6. Practical Tips for Developers

While Thread-Local Handshakes are managed by the JVM, the following tips help you align your code and architecture to take full advantage:

  1. Choose Modern JVMs: Use JDK 10 or later for applications where fine-grained thread optimization matters. Newer garbage collectors like ZGC or Shenandoah optimize handshakes even further.

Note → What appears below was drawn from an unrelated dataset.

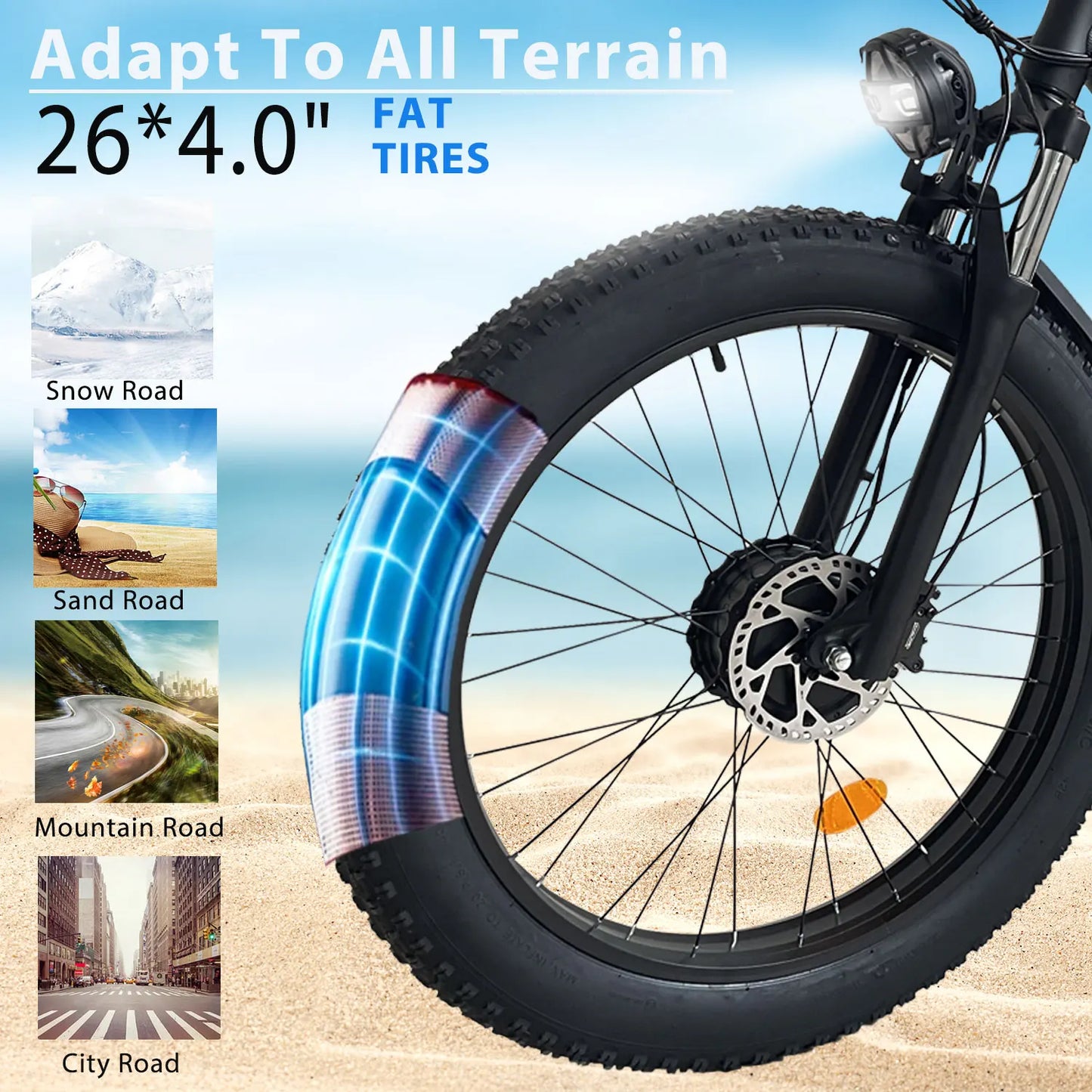 US Warehouse 26" Fat Tire Electric Hybrid MTB Bike Dual Motors Center Controller 48V 22.4AH 2000W Features Rear Shock Absorber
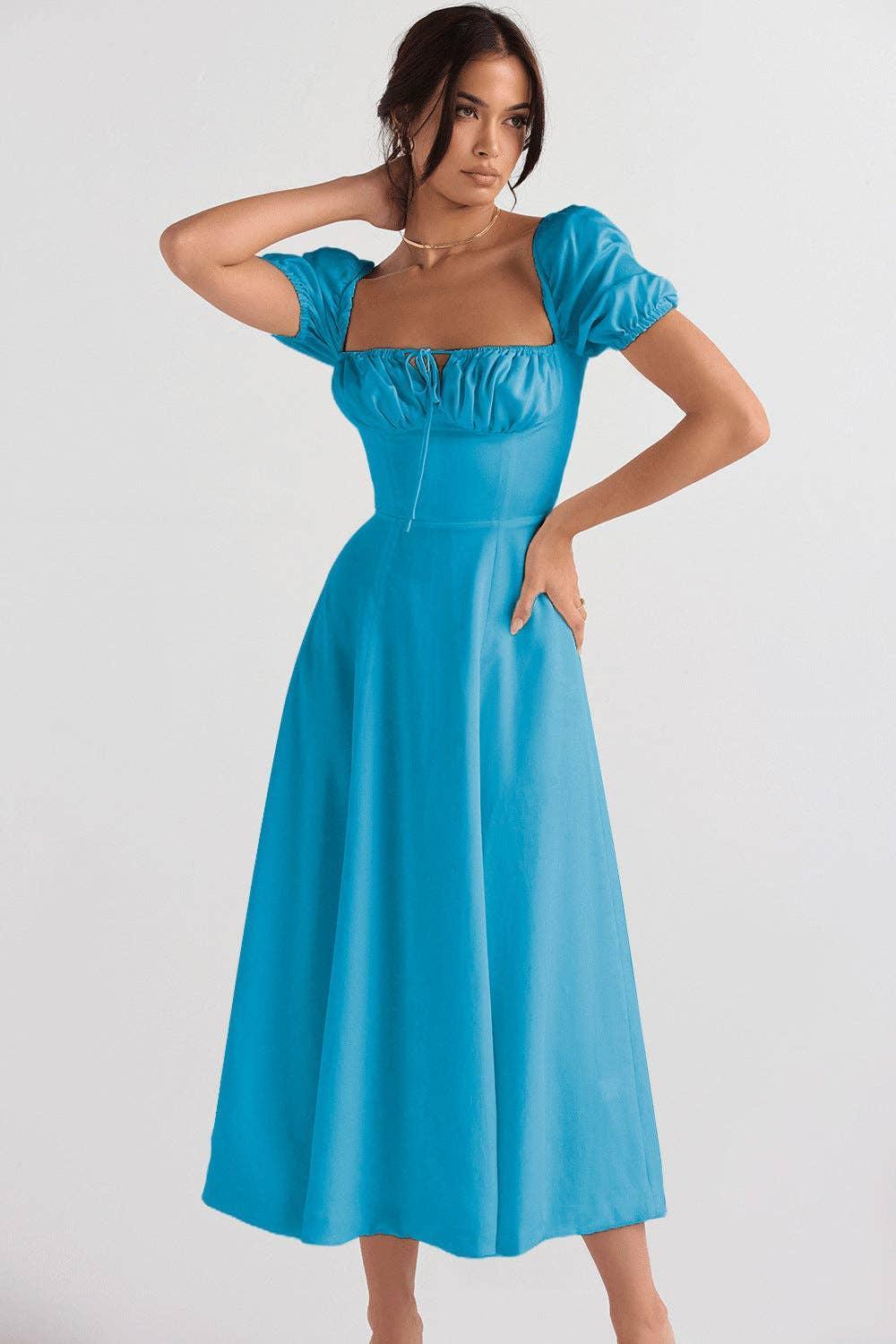 Ladies Bubble Sleeves Square Neck Midi Dress 1902 - SWEETKAMA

  2. Monitor Safepoints and Utilization:

    • Safepoint statistics can be enabled using -XX:+PrintSafepointStatistics to understand how your threads interact with JVM-managed resources.
    • Use tools like JFR to detect safepoint delays or thread-local handshake activity.
  3. Minimize Global Syncs in Application Code:
    • Avoid global thread synchronization where possible.
    • Use thread-local structures (e.g., ThreadLocal API) for thread-scoped data.
  4. Benchmark Your Application:
    Profile how your code interacts with the JVM and threads. Use tools like JMH (Java Microbenchmark Harness) for thread and synchronization benchmarking.

7. Example: Monitoring Thread Safepoints

java -XX:+PrintSafepointStatistics -XX:PrintSafepointStatisticsCount=1 -XX:+LogVMOutput -XX:LogFile=safepoints.log -jar YourApp.jar

This will output safepoint-related logs, showing where Thread-Local Handshakes may improve performance by reducing pauses.

8. Conclusion

Thread-Local Handshakes represent an evolutionary step in how the JVM manages thread interactions, replacing costly global operations with thread-targeted approaches. While you may not directly invoke or control handshakes, you can optimize your application and JVM configuration to reap their benefits:

  • Select JVM options and garbage collection strategies that leverage handshakes.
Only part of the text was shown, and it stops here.